My computer is dead. The mother board is bad. The good news is that I am able to retrieve any data I need. The bad news is my computer is dead. I am once again on my husband's computer. I wish I had enough money to go out and buy a new one, but that is not the case. I need a computer. I feel like I must be an idiot or something because I cannot write on this machine. The thought of trying to compose one of my stories on a machine that is not mine causes some anxiety. The keyboard is different. It's a Mac. Nothing against Macs, but I do prefer my PC. I know my machine. I worked fine when the keys got stuck. I worked fine with the backspace and the x keys missing. I was able to compose, search, get e-mail and interact with my friends. I can do some of that with this one, but not with the ease of the other When the hubby comes home, he wants his machine, as is his right.

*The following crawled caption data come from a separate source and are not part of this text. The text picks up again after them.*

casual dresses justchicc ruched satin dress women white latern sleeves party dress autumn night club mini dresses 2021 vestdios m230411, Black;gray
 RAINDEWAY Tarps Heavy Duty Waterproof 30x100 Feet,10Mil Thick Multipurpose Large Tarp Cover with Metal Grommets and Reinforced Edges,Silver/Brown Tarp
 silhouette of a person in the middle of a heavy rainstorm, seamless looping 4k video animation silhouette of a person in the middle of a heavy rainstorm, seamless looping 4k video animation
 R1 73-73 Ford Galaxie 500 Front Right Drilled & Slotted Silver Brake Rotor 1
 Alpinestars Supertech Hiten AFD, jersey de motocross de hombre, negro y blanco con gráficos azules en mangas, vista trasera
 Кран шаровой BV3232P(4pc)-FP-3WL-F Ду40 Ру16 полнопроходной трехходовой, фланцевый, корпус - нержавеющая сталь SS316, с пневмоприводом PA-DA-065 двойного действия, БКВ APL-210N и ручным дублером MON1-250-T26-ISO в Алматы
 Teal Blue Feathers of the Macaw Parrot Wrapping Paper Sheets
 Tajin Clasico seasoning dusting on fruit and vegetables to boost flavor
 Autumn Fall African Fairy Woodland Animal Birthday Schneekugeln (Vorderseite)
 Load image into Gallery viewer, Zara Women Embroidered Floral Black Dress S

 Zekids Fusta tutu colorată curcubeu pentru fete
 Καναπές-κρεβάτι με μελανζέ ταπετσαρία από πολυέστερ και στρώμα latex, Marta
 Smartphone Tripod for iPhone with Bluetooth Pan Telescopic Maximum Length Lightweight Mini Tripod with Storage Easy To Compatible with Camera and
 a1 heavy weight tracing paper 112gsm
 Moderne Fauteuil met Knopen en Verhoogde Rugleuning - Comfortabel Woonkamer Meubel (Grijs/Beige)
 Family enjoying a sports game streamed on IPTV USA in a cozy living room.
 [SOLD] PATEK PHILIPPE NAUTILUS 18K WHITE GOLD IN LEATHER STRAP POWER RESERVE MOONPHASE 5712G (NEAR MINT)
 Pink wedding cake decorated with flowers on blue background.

I am surprised on how dependent I have become. I am surprised I just don't take my paper and pen into the kitchen, sit down at the table and write. I used to to do it all the time, but now that I don't have a computer to save it to, I am lost. It is weird and I don't like it. Why don't I buy myself a new computer you ask? Well we all suffer a bit in today's economy. I can't just go out and buy myself a new computer, so I am diligently saving my money and hopefully by my birthday I can buy myself a new present. A shiny new computer. Enough whining for today. :-)
I am off to do stuff, and hopefully work on my new project. A short story of being bold.